### [Task goal]
What is needed is a faithful copy of all the entries, with no pictures in it.
================================
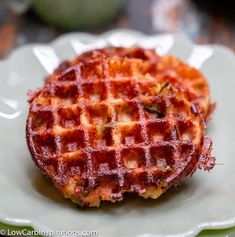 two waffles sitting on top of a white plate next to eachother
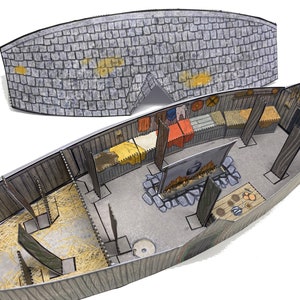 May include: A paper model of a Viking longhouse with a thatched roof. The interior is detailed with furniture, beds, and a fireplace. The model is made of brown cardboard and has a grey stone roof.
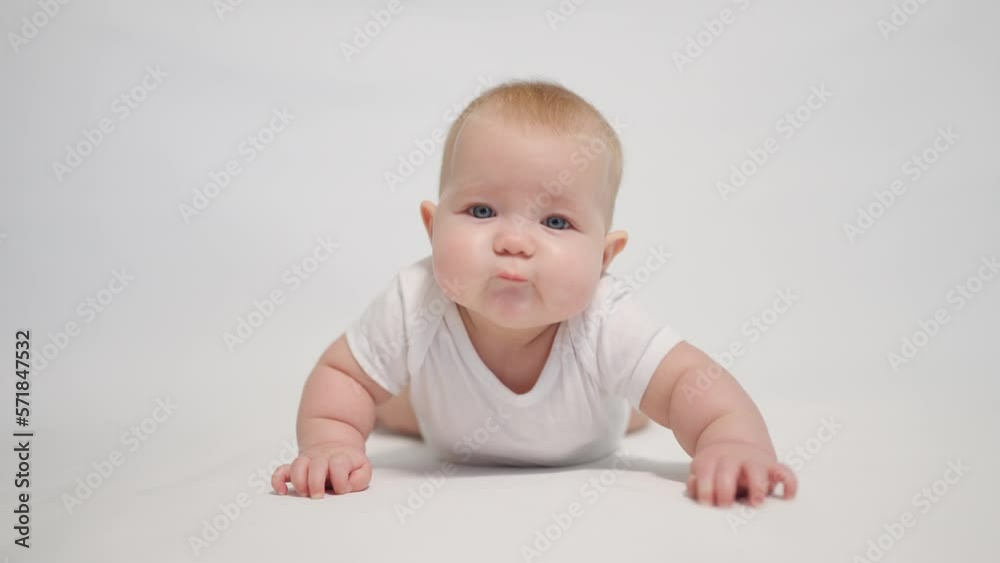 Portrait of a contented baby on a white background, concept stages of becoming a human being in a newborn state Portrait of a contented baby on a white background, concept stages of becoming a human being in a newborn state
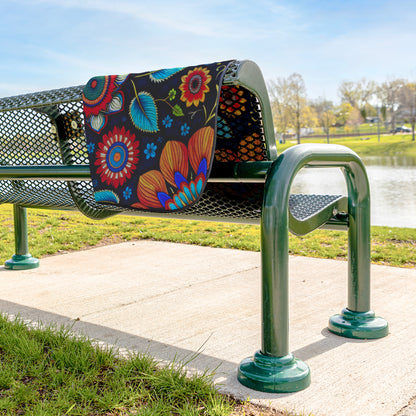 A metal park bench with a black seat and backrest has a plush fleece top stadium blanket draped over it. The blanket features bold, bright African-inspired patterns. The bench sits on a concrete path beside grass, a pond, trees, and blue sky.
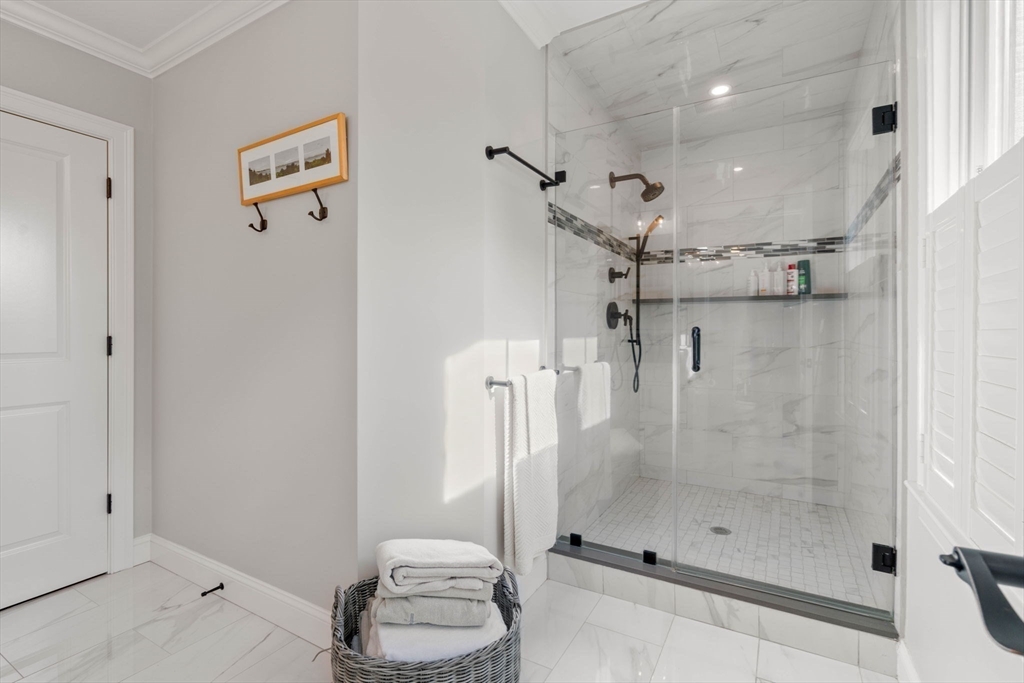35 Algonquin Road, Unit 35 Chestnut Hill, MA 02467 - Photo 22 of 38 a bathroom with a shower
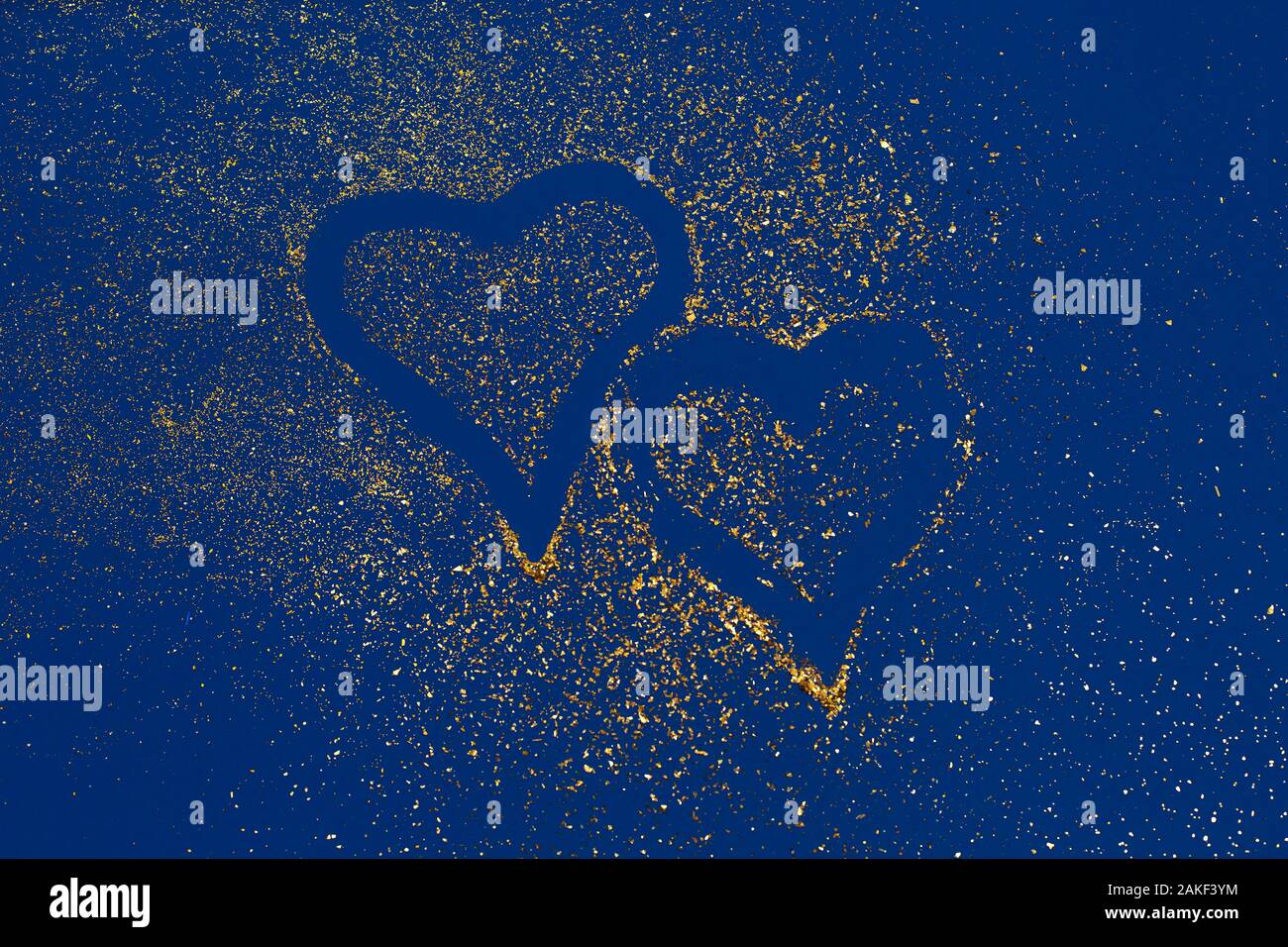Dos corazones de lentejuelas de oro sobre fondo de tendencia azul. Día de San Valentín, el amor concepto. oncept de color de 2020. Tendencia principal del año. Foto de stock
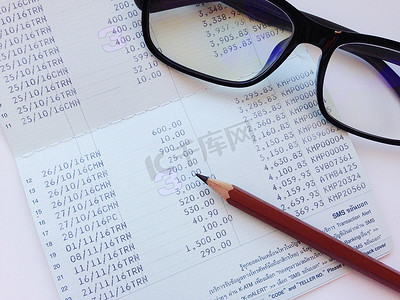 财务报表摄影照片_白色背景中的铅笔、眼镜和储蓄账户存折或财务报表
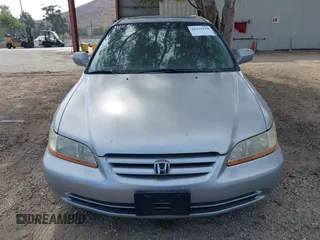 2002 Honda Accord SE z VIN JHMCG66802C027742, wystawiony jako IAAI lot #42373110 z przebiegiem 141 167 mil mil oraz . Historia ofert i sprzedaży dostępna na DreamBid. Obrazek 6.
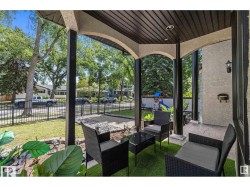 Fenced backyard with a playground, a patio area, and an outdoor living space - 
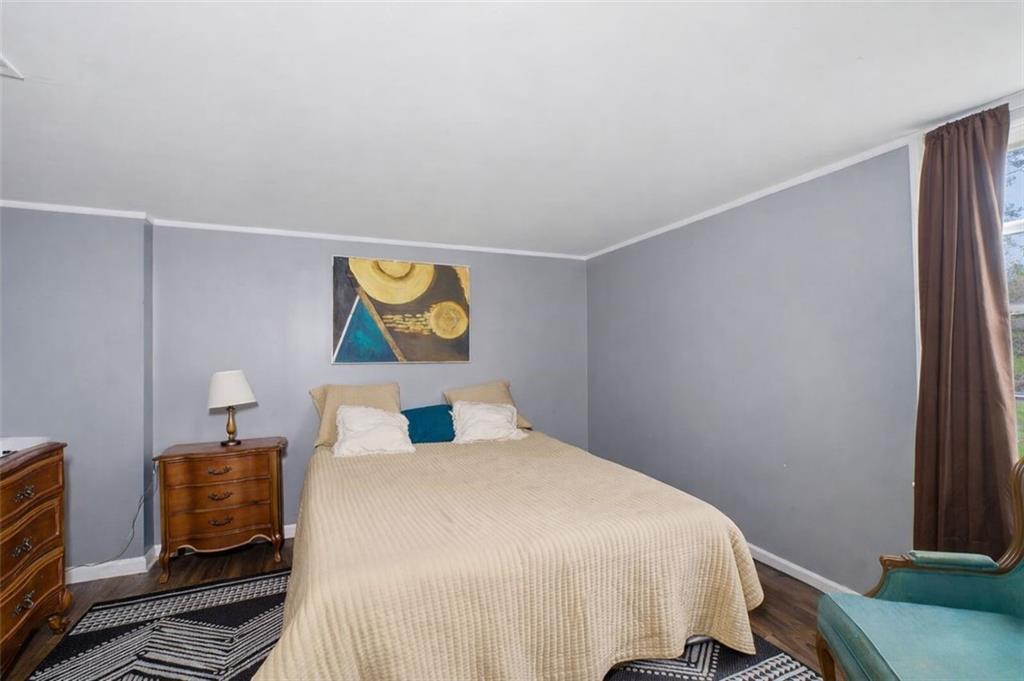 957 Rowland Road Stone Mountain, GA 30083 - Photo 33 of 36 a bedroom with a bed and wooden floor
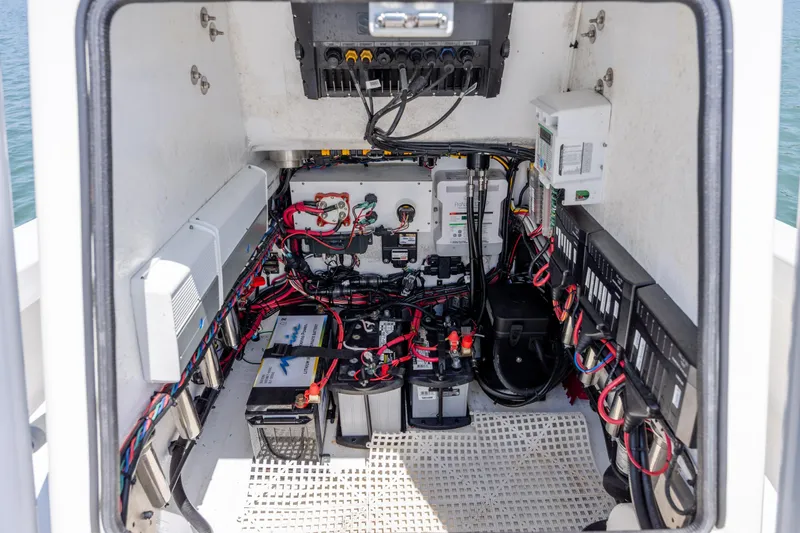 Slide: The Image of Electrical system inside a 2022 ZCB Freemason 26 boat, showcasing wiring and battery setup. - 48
================================
### [Response]
 two waffles sitting on top of a white plate next to eachother
 May include: A paper model of a Viking longhouse with a thatched roof. The interior is detailed with furniture, beds, and a fireplace. The model is made of brown cardboard and has a grey stone roof.
 Portrait of a contented baby on a white background, concept stages of becoming a human being in a newborn state Portrait of a contented baby on a white background, concept stages of becoming a human being in a newborn state
 A metal park bench with a black seat and backrest has a plush fleece top stadium blanket draped over it. The blanket features bold, bright African-inspired patterns. The bench sits on a concrete path beside grass, a pond, trees, and blue sky.
35 Algonquin Road, Unit 35 Chestnut Hill, MA 02467 - Photo 22 of 38 a bathroom with a shower
Dos corazones de lentejuelas de oro sobre fondo de tendencia azul. Día de San Valentín, el amor concepto. oncept de color de 2020. Tendencia principal del año. Foto de stock
 财务报表摄影照片_白色背景中的铅笔、眼镜和储蓄账户存折或财务报表
 2002 Honda Accord SE z VIN JHMCG66802C027742, wystawiony jako IAAI lot #42373110 z przebiegiem 141 167 mil mil oraz . Historia ofert i sprzedaży dostępna na DreamBid. Obrazek 6.
 Fenced backyard with a playground, a patio area, and an outdoor living space - 
 957 Rowland Road Stone Mountain, GA 30083 - Photo 33 of 36 a bedroom with a bed and wooden floor
 Slide: The Image of Electrical system inside a 2022 ZCB Freemason 26 boat, showcasing wiring and battery setup. - 48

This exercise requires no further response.